* **What you need to do**: Although the entries contain pictures, only their text goes into the copy, set down exactly.

━━━━━━━━

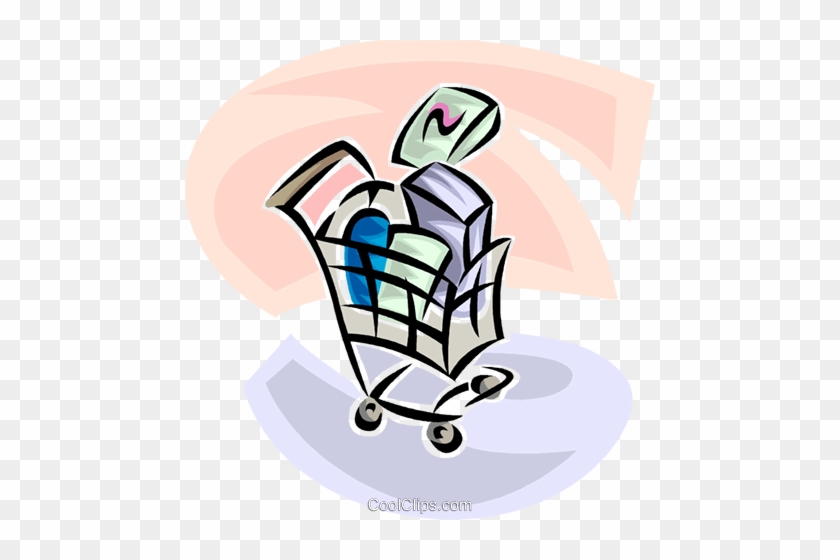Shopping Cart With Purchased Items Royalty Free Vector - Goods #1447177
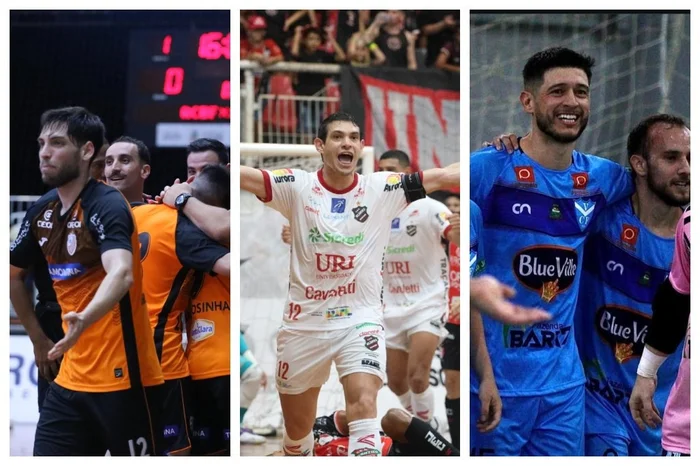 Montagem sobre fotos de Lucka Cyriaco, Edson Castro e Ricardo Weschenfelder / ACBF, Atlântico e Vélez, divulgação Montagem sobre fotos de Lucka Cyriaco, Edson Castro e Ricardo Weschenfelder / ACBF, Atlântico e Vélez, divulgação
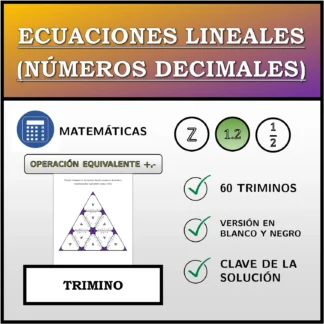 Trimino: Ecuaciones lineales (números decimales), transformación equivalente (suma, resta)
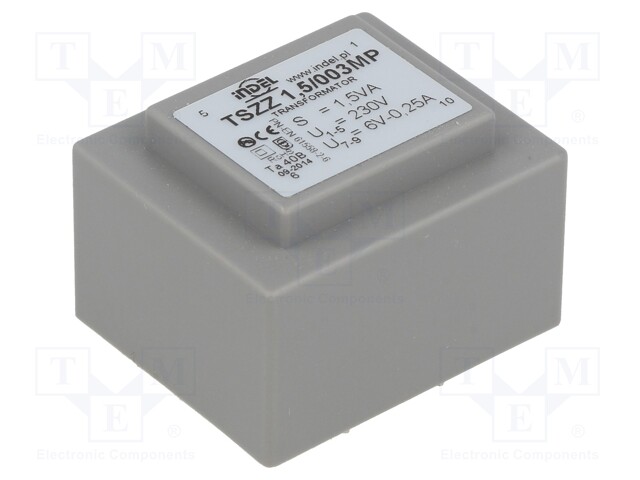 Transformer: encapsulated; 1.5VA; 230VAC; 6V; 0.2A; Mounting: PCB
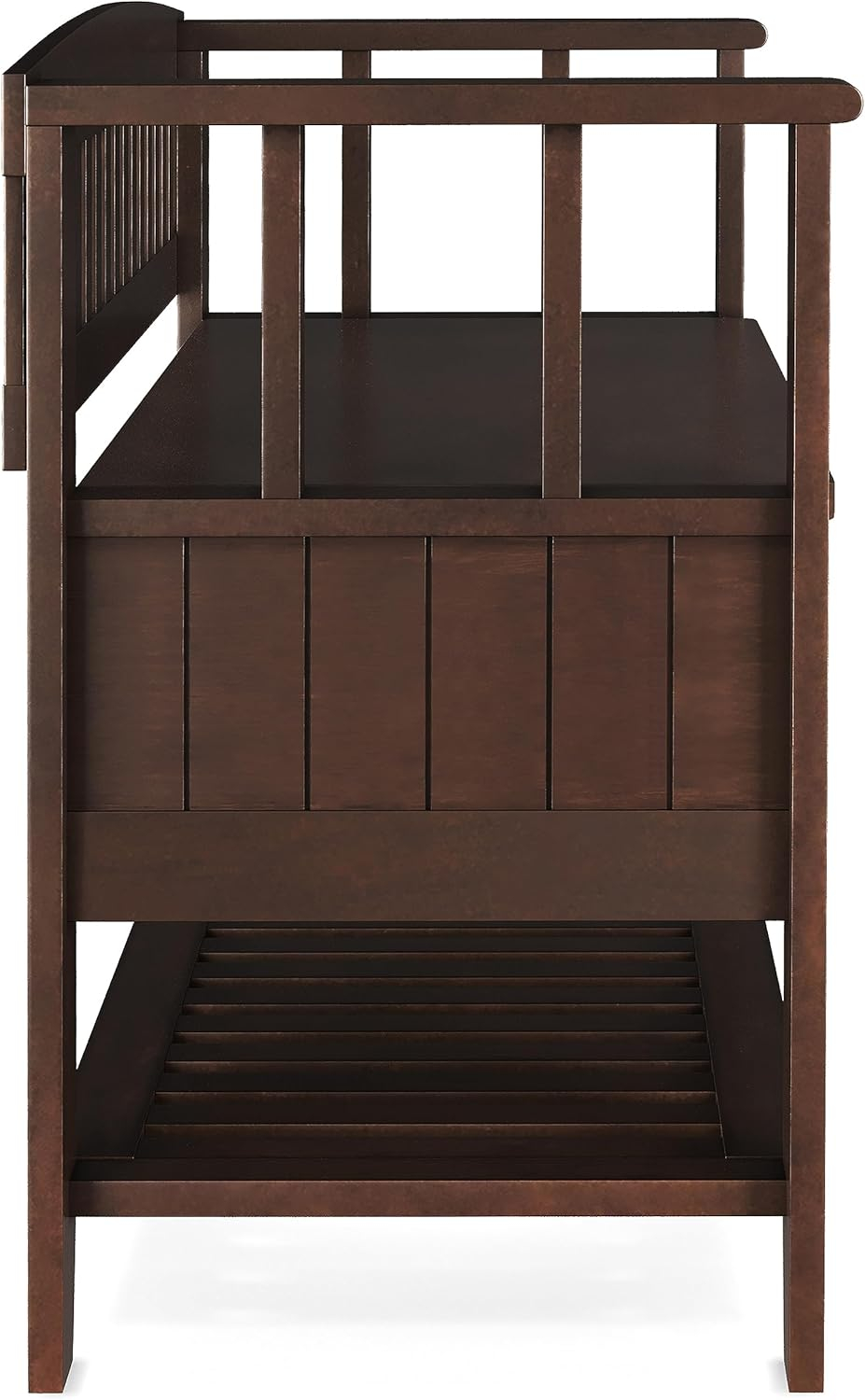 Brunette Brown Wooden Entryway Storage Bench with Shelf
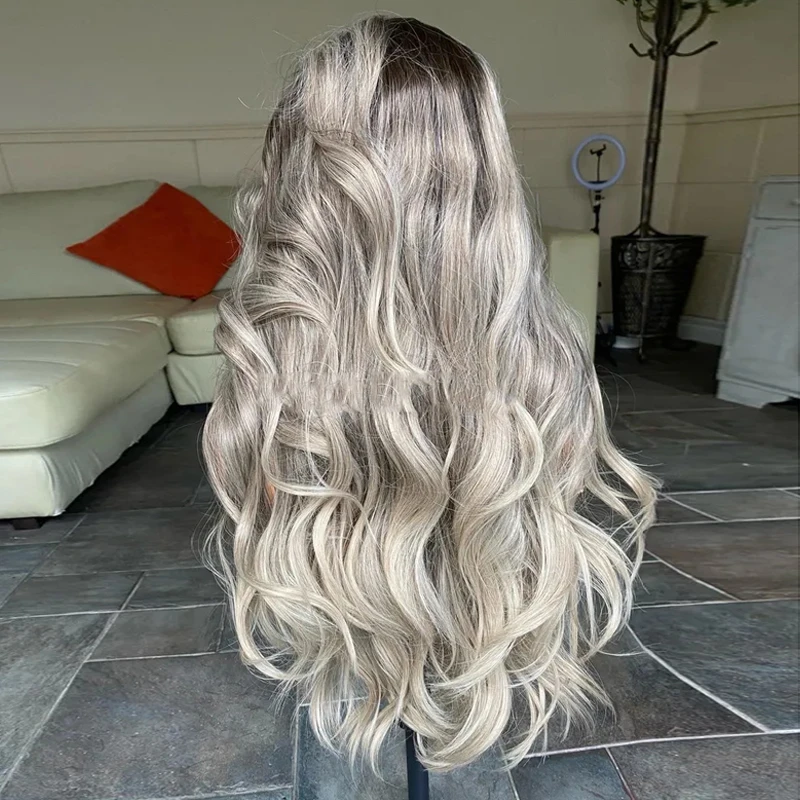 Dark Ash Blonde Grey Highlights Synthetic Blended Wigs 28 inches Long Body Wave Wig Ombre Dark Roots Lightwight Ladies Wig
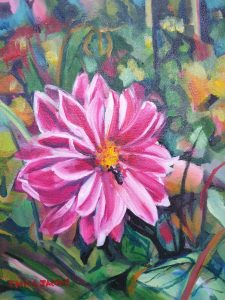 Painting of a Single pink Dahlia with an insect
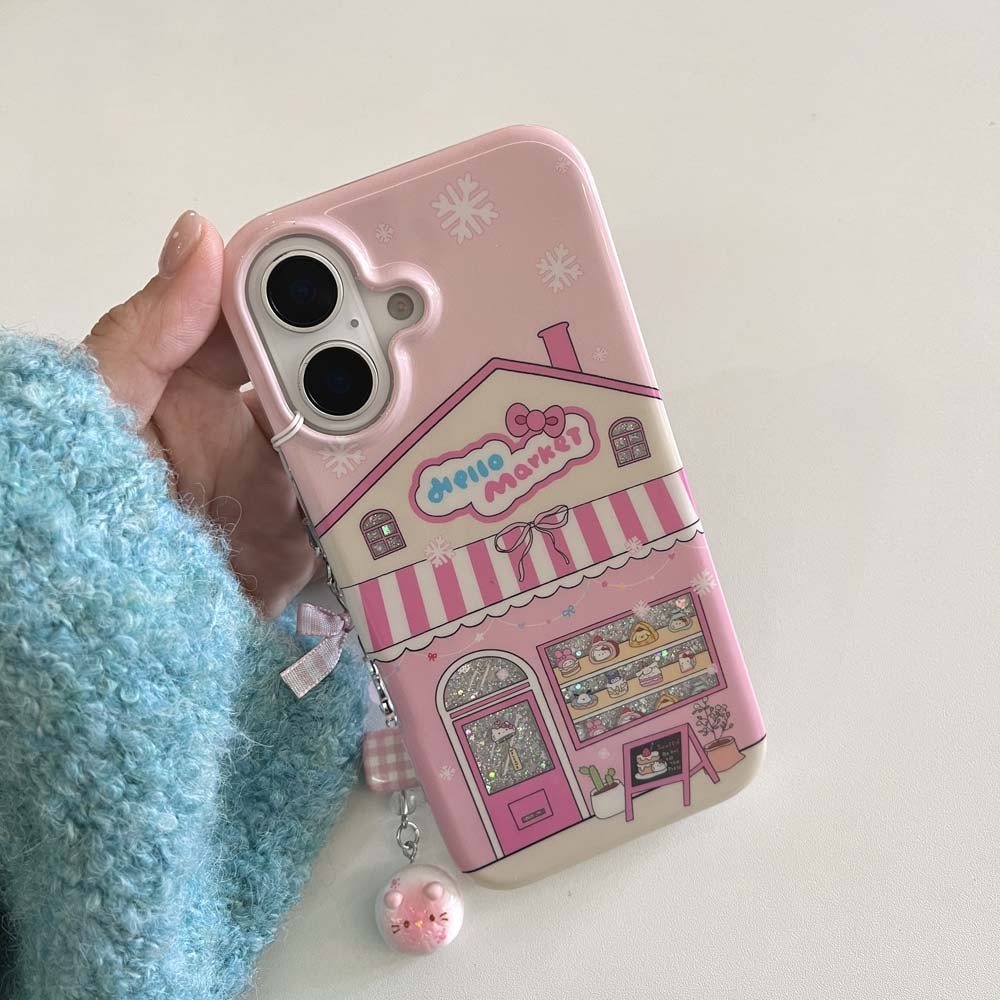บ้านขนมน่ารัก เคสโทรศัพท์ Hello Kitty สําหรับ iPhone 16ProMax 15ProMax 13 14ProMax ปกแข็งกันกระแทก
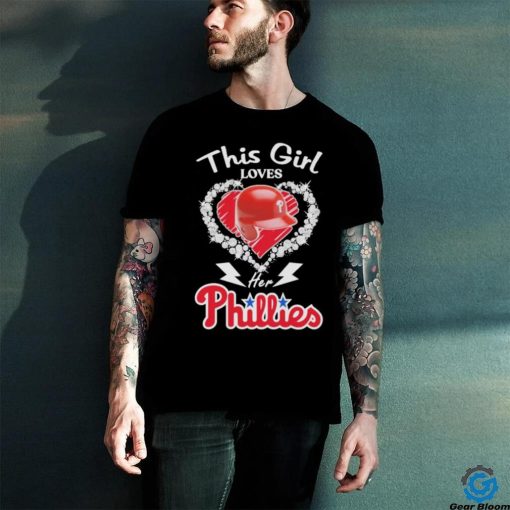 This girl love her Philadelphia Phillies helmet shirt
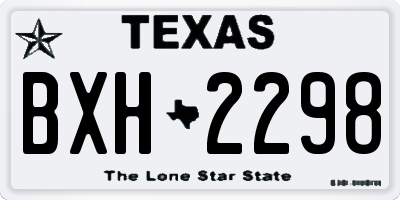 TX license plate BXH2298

━━━━━━━━

* **Exercise response**:
Shopping Cart With Purchased Items Royalty Free Vector - Goods #1447177
 Montagem sobre fotos de Lucka Cyriaco, Edson Castro e Ricardo Weschenfelder / ACBF, Atlântico e Vélez, divulgação Montagem sobre fotos de Lucka Cyriaco, Edson Castro e Ricardo Weschenfelder / ACBF, Atlântico e Vélez, divulgação
 Trimino: Ecuaciones lineales (números decimales), transformación equivalente (suma, resta)
 Transformer: encapsulated; 1.5VA; 230VAC; 6V; 0.2A; Mounting: PCB
 Brunette Brown Wooden Entryway Storage Bench with Shelf
 Dark Ash Blonde Grey Highlights Synthetic Blended Wigs 28 inches Long Body Wave Wig Ombre Dark Roots Lightwight Ladies Wig
 Painting of a Single pink Dahlia with an insect
บ้านขนมน่ารัก เคสโทรศัพท์ Hello Kitty สําหรับ iPhone 16ProMax 15ProMax 13 14ProMax ปกแข็งกันกระแทก
 This girl love her Philadelphia Phillies helmet shirt
 TX license plate BXH2298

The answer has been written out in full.